_REQUIRED WORK_: Return the records exactly, please. Every line should match.

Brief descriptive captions
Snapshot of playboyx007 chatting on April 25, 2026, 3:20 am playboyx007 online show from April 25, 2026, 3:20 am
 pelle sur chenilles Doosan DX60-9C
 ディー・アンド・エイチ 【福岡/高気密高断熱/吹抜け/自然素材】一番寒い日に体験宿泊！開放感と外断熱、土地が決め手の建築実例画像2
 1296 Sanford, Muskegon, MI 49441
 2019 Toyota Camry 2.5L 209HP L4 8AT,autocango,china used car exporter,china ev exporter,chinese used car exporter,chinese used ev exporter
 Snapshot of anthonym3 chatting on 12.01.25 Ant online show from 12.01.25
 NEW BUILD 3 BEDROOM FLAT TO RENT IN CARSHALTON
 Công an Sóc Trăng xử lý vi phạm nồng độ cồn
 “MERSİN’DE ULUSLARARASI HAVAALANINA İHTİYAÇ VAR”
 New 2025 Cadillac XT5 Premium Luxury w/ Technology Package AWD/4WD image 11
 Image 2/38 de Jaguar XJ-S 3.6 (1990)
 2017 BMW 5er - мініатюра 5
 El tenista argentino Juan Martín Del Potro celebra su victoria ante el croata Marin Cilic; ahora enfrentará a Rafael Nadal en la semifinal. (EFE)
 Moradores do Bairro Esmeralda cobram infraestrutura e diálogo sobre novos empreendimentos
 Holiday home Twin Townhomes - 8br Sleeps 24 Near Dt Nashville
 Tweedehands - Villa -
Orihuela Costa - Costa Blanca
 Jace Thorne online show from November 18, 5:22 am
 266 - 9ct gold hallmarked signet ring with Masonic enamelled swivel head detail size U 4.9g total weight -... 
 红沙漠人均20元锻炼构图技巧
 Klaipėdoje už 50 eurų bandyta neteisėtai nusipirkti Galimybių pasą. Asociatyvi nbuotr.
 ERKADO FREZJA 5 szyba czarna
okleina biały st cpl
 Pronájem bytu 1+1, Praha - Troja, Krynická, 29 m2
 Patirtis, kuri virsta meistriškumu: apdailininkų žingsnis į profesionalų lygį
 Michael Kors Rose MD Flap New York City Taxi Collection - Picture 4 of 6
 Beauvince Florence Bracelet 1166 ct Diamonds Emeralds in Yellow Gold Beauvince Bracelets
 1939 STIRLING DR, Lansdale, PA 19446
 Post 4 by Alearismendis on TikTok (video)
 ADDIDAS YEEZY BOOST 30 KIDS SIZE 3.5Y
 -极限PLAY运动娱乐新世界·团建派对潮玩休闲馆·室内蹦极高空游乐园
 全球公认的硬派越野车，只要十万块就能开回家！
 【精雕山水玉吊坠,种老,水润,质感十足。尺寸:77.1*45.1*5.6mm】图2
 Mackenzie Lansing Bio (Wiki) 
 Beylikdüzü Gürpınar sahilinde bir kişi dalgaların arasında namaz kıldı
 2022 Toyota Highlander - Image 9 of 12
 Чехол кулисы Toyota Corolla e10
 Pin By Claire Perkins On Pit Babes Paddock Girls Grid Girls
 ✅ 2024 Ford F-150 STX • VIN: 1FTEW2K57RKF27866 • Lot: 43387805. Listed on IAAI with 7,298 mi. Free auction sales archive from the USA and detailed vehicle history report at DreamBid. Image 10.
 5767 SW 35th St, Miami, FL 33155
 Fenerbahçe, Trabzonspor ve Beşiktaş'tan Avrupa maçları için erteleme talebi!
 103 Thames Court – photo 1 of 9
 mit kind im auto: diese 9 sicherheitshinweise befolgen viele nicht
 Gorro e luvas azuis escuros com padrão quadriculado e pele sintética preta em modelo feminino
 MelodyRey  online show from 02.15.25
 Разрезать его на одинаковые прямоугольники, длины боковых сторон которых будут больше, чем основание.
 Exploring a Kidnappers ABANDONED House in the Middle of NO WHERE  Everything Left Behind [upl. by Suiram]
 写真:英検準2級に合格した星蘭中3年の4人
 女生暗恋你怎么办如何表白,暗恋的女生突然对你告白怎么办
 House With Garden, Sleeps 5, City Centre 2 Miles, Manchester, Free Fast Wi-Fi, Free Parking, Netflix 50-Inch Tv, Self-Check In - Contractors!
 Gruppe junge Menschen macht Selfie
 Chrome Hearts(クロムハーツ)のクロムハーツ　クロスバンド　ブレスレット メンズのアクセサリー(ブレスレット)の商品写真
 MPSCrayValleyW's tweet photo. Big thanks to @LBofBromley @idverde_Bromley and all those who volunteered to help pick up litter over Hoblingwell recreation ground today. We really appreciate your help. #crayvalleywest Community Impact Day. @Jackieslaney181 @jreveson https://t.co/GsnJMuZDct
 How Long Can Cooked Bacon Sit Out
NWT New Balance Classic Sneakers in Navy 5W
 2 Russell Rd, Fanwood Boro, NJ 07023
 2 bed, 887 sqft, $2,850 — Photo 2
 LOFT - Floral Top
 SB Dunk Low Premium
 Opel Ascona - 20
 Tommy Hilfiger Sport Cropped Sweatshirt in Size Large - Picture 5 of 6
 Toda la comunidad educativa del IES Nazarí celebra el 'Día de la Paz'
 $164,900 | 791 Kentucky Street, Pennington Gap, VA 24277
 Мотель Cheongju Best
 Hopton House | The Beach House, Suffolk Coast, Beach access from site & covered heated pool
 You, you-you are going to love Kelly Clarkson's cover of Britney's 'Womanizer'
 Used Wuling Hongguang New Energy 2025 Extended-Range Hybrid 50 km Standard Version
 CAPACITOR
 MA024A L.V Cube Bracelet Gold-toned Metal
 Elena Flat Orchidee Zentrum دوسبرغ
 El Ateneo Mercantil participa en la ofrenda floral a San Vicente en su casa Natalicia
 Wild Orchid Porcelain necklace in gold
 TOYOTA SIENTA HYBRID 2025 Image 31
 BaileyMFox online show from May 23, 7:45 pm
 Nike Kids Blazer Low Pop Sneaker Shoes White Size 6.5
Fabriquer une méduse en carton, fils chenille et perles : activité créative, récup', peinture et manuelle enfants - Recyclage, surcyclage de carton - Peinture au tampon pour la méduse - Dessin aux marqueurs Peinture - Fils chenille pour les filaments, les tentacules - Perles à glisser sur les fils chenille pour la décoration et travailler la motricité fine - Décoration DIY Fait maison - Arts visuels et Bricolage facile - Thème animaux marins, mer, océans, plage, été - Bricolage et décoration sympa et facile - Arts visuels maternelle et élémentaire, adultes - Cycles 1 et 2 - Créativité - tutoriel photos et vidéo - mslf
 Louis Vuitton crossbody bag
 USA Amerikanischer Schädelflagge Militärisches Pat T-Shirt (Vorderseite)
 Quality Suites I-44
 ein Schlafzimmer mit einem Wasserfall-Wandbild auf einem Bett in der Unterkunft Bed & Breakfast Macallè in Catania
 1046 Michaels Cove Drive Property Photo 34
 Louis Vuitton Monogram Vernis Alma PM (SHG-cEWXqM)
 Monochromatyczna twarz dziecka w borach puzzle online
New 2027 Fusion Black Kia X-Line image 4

_EXERCISE SOLUTION_:
Snapshot of playboyx007 chatting on April 25, 2026, 3:20 am playboyx007 online show from April 25, 2026, 3:20 am
 pelle sur chenilles Doosan DX60-9C
 ディー・アンド・エイチ 【福岡/高気密高断熱/吹抜け/自然素材】一番寒い日に体験宿泊！開放感と外断熱、土地が決め手の建築実例画像2
 1296 Sanford, Muskegon, MI 49441
 2019 Toyota Camry 2.5L 209HP L4 8AT,autocango,china used car exporter,china ev exporter,chinese used car exporter,chinese used ev exporter
 Snapshot of anthonym3 chatting on 12.01.25 Ant online show from 12.01.25
 NEW BUILD 3 BEDROOM FLAT TO RENT IN CARSHALTON
 Công an Sóc Trăng xử lý vi phạm nồng độ cồn
 “MERSİN’DE ULUSLARARASI HAVAALANINA İHTİYAÇ VAR”
 New 2025 Cadillac XT5 Premium Luxury w/ Technology Package AWD/4WD image 11
 Image 2/38 de Jaguar XJ-S 3.6 (1990)
 2017 BMW 5er - мініатюра 5
 El tenista argentino Juan Martín Del Potro celebra su victoria ante el croata Marin Cilic; ahora enfrentará a Rafael Nadal en la semifinal. (EFE)
 Moradores do Bairro Esmeralda cobram infraestrutura e diálogo sobre novos empreendimentos
 Holiday home Twin Townhomes - 8br Sleeps 24 Near Dt Nashville
 Tweedehands - Villa -
Orihuela Costa - Costa Blanca
 Jace Thorne online show from November 18, 5:22 am
 266 - 9ct gold hallmarked signet ring with Masonic enamelled swivel head detail size U 4.9g total weight -... 
 红沙漠人均20元锻炼构图技巧
 Klaipėdoje už 50 eurų bandyta neteisėtai nusipirkti Galimybių pasą. Asociatyvi nbuotr.
 ERKADO FREZJA 5 szyba czarna
okleina biały st cpl
 Pronájem bytu 1+1, Praha - Troja, Krynická, 29 m2
 Patirtis, kuri virsta meistriškumu: apdailininkų žingsnis į profesionalų lygį
 Michael Kors Rose MD Flap New York City Taxi Collection - Picture 4 of 6
 Beauvince Florence Bracelet 1166 ct Diamonds Emeralds in Yellow Gold Beauvince Bracelets
 1939 STIRLING DR, Lansdale, PA 19446
 Post 4 by Alearismendis on TikTok (video)
 ADDIDAS YEEZY BOOST 30 KIDS SIZE 3.5Y
 -极限PLAY运动娱乐新世界·团建派对潮玩休闲馆·室内蹦极高空游乐园
 全球公认的硬派越野车，只要十万块就能开回家！
 【精雕山水玉吊坠,种老,水润,质感十足。尺寸:77.1*45.1*5.6mm】图2
 Mackenzie Lansing Bio (Wiki) 
 Beylikdüzü Gürpınar sahilinde bir kişi dalgaların arasında namaz kıldı
 2022 Toyota Highlander - Image 9 of 12
 Чехол кулисы Toyota Corolla e10
 Pin By Claire Perkins On Pit Babes Paddock Girls Grid Girls
 ✅ 2024 Ford F-150 STX • VIN: 1FTEW2K57RKF27866 • Lot: 43387805. Listed on IAAI with 7,298 mi. Free auction sales archive from the USA and detailed vehicle history report at DreamBid. Image 10.
 5767 SW 35th St, Miami, FL 33155
 Fenerbahçe, Trabzonspor ve Beşiktaş'tan Avrupa maçları için erteleme talebi!
 103 Thames Court – photo 1 of 9
 mit kind im auto: diese 9 sicherheitshinweise befolgen viele nicht
 Gorro e luvas azuis escuros com padrão quadriculado e pele sintética preta em modelo feminino
 MelodyRey  online show from 02.15.25
 Разрезать его на одинаковые прямоугольники, длины боковых сторон которых будут больше, чем основание.
 Exploring a Kidnappers ABANDONED House in the Middle of NO WHERE  Everything Left Behind [upl. by Suiram]
 写真:英検準2級に合格した星蘭中3年の4人
 女生暗恋你怎么办如何表白,暗恋的女生突然对你告白怎么办
 House With Garden, Sleeps 5, City Centre 2 Miles, Manchester, Free Fast Wi-Fi, Free Parking, Netflix 50-Inch Tv, Self-Check In - Contractors!
 Gruppe junge Menschen macht Selfie
 Chrome Hearts(クロムハーツ)のクロムハーツ　クロスバンド　ブレスレット メンズのアクセサリー(ブレスレット)の商品写真
 MPSCrayValleyW's tweet photo. Big thanks to @LBofBromley @idverde_Bromley and all those who volunteered to help pick up litter over Hoblingwell recreation ground today. We really appreciate your help. #crayvalleywest Community Impact Day. @Jackieslaney181 @jreveson https://t.co/GsnJMuZDct
 How Long Can Cooked Bacon Sit Out
NWT New Balance Classic Sneakers in Navy 5W
 2 Russell Rd, Fanwood Boro, NJ 07023
 2 bed, 887 sqft, $2,850 — Photo 2
 LOFT - Floral Top
 SB Dunk Low Premium
 Opel Ascona - 20
 Tommy Hilfiger Sport Cropped Sweatshirt in Size Large - Picture 5 of 6
 Toda la comunidad educativa del IES Nazarí celebra el 'Día de la Paz'
 $164,900 | 791 Kentucky Street, Pennington Gap, VA 24277
 Мотель Cheongju Best
 Hopton House | The Beach House, Suffolk Coast, Beach access from site & covered heated pool
 You, you-you are going to love Kelly Clarkson's cover of Britney's 'Womanizer'
 Used Wuling Hongguang New Energy 2025 Extended-Range Hybrid 50 km Standard Version
 CAPACITOR
 MA024A L.V Cube Bracelet Gold-toned Metal
 Elena Flat Orchidee Zentrum دوسبرغ
 El Ateneo Mercantil participa en la ofrenda floral a San Vicente en su casa Natalicia
 Wild Orchid Porcelain necklace in gold
 TOYOTA SIENTA HYBRID 2025 Image 31
 BaileyMFox online show from May 23, 7:45 pm
 Nike Kids Blazer Low Pop Sneaker Shoes White Size 6.5
Fabriquer une méduse en carton, fils chenille et perles : activité créative, récup', peinture et manuelle enfants - Recyclage, surcyclage de carton - Peinture au tampon pour la méduse - Dessin aux marqueurs Peinture - Fils chenille pour les filaments, les tentacules - Perles à glisser sur les fils chenille pour la décoration et travailler la motricité fine - Décoration DIY Fait maison - Arts visuels et Bricolage facile - Thème animaux marins, mer, océans, plage, été - Bricolage et décoration sympa et facile - Arts visuels maternelle et élémentaire, adultes - Cycles 1 et 2 - Créativité - tutoriel photos et vidéo - mslf
 Louis Vuitton crossbody bag
 USA Amerikanischer Schädelflagge Militärisches Pat T-Shirt (Vorderseite)
 Quality Suites I-44
 ein Schlafzimmer mit einem Wasserfall-Wandbild auf einem Bett in der Unterkunft Bed & Breakfast Macallè in Catania
 1046 Michaels Cove Drive Property Photo 34
 Louis Vuitton Monogram Vernis Alma PM (SHG-cEWXqM)
 Monochromatyczna twarz dziecka w borach puzzle online
New 2027 Fusion Black Kia X-Line image 4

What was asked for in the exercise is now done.